_THE PROBLEM:_ Lines from the one containing "THE WEDGE BROWN LAPTOP SLEEVE" through the last line of the data are to be returned exactly, both ends included, minus any pictures.
EXERCISE MATERIAL below:
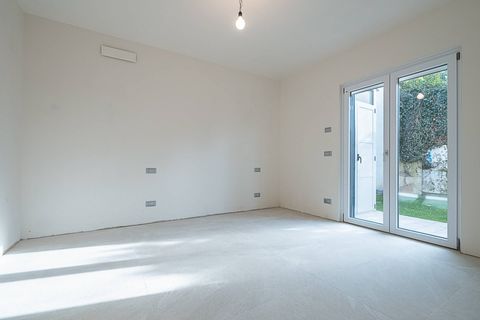 Lejlighed i Pianezza, Turin, Pianezza - € 298.000 | Ref: 13830 - foto 47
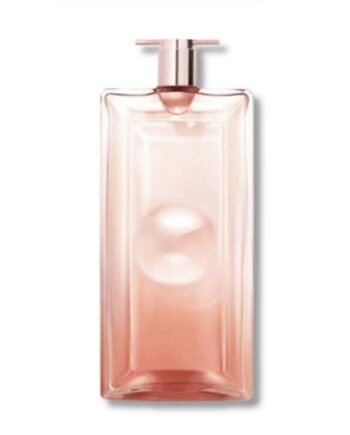 Lancome Idole Now Eau De Parfum 50 Ml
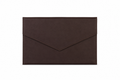 THE WEDGE BROWN LAPTOP SLEEVE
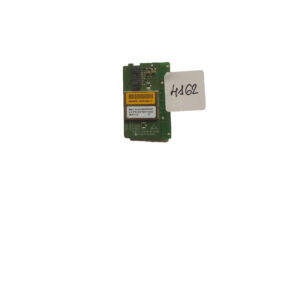 MODULO WIFI CCA018LP0760T9 NUOVA ORIGINALE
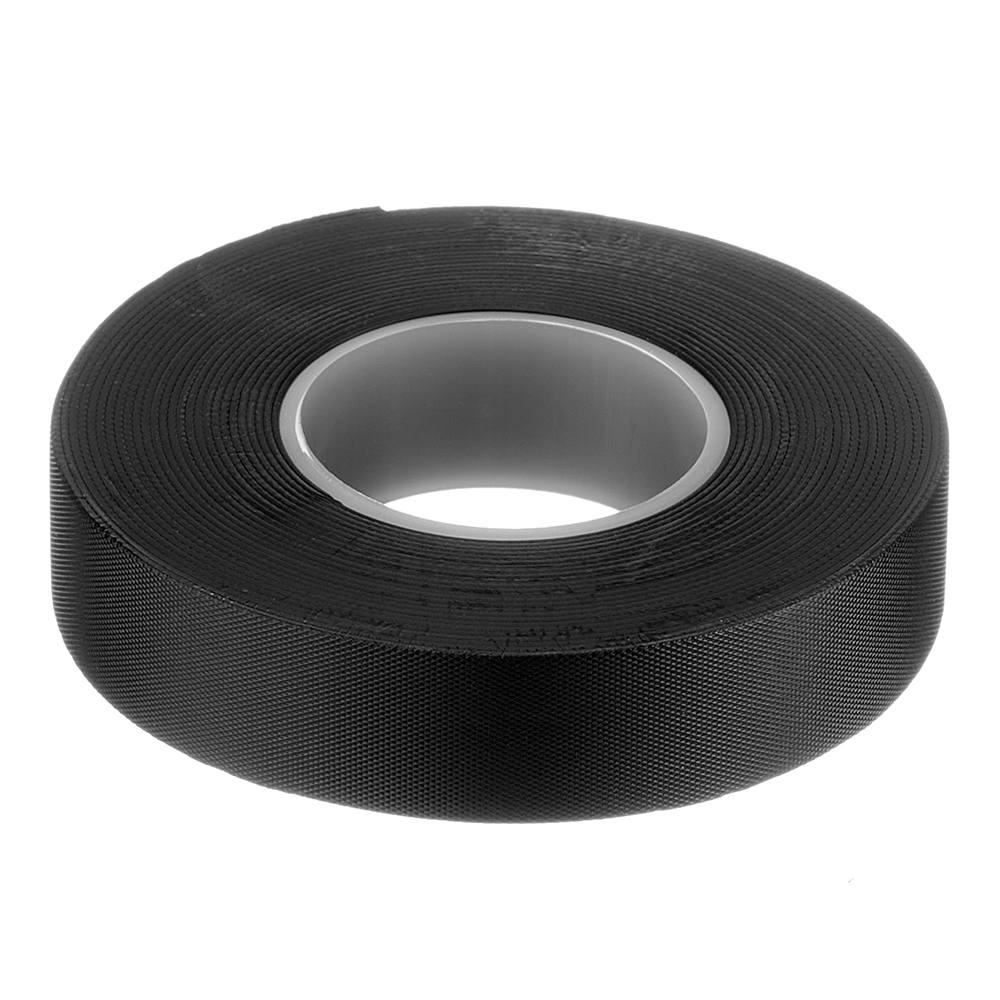 original-17763.jpg Изолента Unibob EPDM черная 19 мм 5 м самослипающаяся — изображение 1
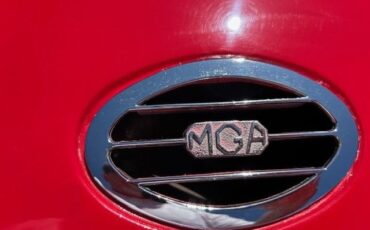 Mg-Mga-1958-Red-tan-14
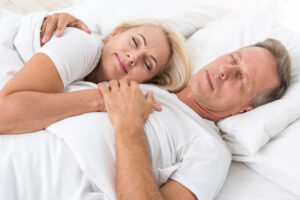 abitudini-sane-per-migliorare-il-proprio-sonno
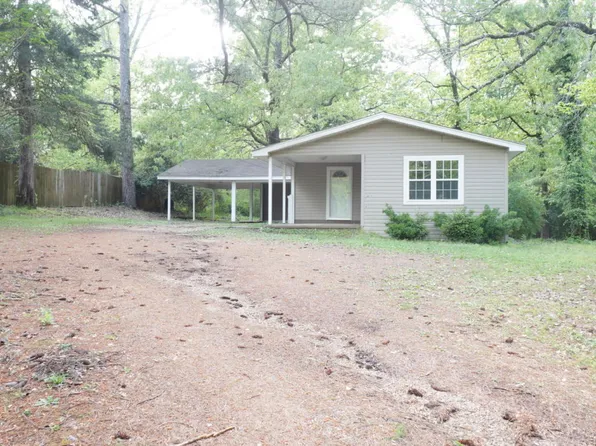 2152 New Hope Rd, Columbus, MS 39702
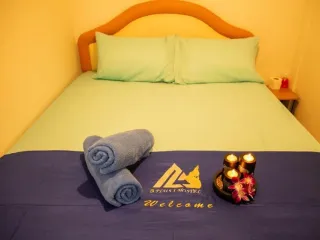 ขาย 10 ห้องนอน โรงแรม ใน วัฒนา, กรุงเทพฯ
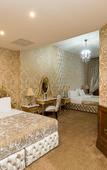 Туры в отель The Dixie Dean Hotel Туры в отель The Dixie Dean Hotel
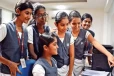 10ஆம் வகுப்பு தேர்வு முடிவுகள் வெளியானது - எந்த மாவட்டம் முதலிடம்?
End of EXERCISE MATERIAL.
_OUTPUT OF THE TASK:_
 THE WEDGE BROWN LAPTOP SLEEVE
 MODULO WIFI CCA018LP0760T9 NUOVA ORIGINALE
 original-17763.jpg Изолента Unibob EPDM черная 19 мм 5 м самослипающаяся — изображение 1
 Mg-Mga-1958-Red-tan-14
 abitudini-sane-per-migliorare-il-proprio-sonno
 2152 New Hope Rd, Columbus, MS 39702
 ขาย 10 ห้องนอน โรงแรม ใน วัฒนา, กรุงเทพฯ
 Туры в отель The Dixie Dean Hotel Туры в отель The Dixie Dean Hotel
 10ஆம் வகுப்பு தேர்வு முடிவுகள் வெளியானது - எந்த மாவட்டம் முதலிடம்?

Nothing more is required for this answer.